_AIM OF THE TASK:_
Reproduce the section of the listing that begins at the line containing "2 Packs 5-Position" and finishes at the line containing "Artery8 Wall Art". Include both end lines and nothing beyond them.

_INPUT DATA:_
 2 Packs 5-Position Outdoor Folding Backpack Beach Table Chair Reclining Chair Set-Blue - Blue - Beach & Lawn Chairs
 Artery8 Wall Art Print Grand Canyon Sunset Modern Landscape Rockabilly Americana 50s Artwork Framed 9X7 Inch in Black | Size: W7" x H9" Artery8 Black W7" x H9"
* * *
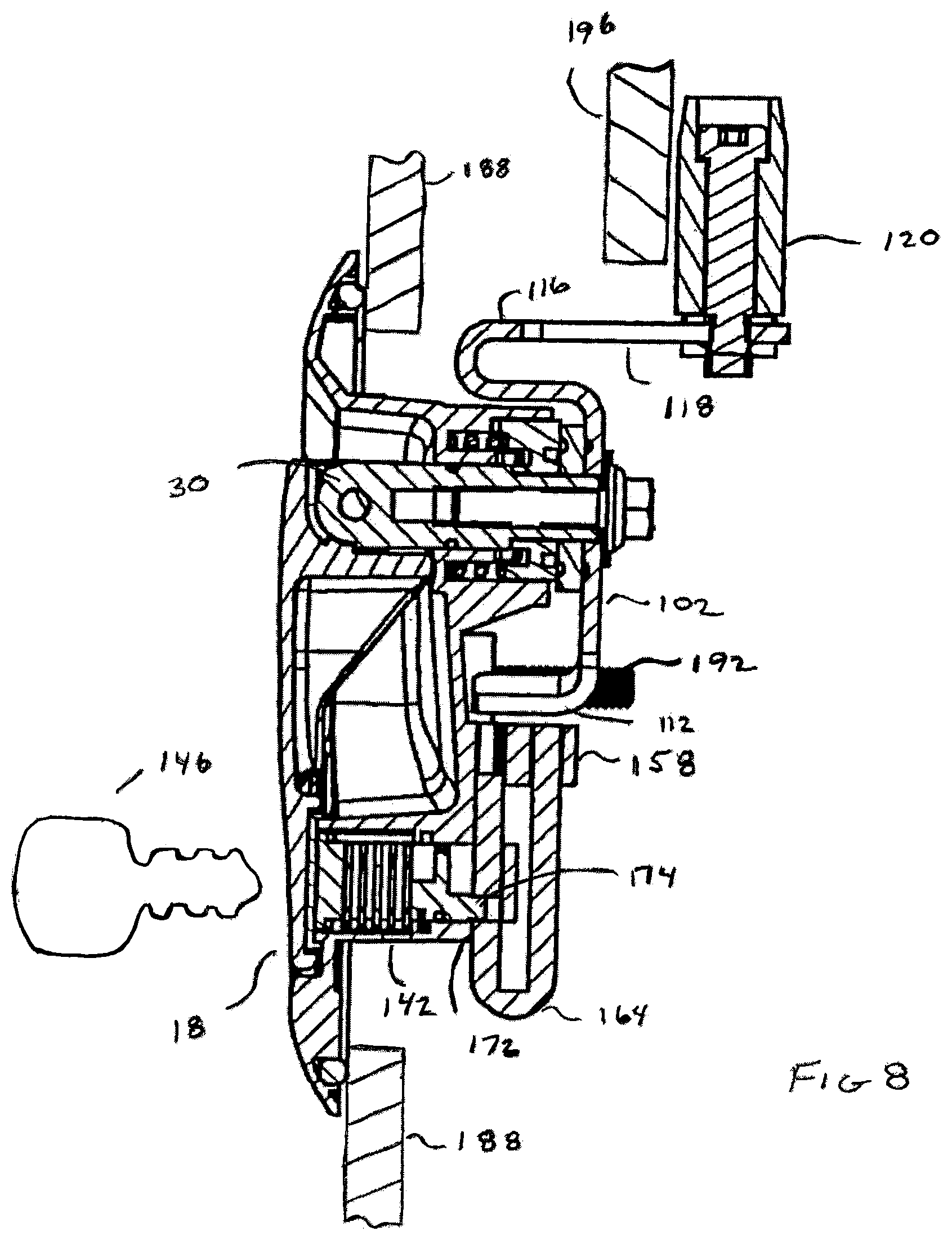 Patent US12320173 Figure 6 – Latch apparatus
---
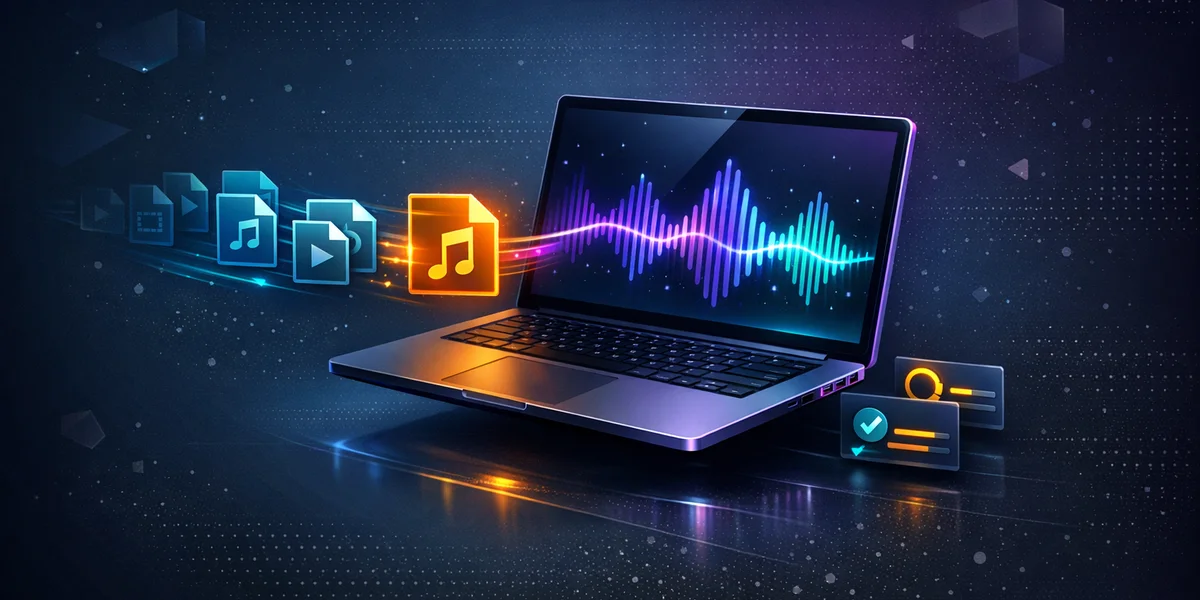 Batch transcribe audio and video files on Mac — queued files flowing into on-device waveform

_RESULT OF THIS EXERCISE:_
 2 Packs 5-Position Outdoor Folding Backpack Beach Table Chair Reclining Chair Set-Blue - Blue - Beach & Lawn Chairs
 Artery8 Wall Art Print Grand Canyon Sunset Modern Landscape Rockabilly Americana 50s Artwork Framed 9X7 Inch in Black | Size: W7" x H9" Artery8 Black W7" x H9"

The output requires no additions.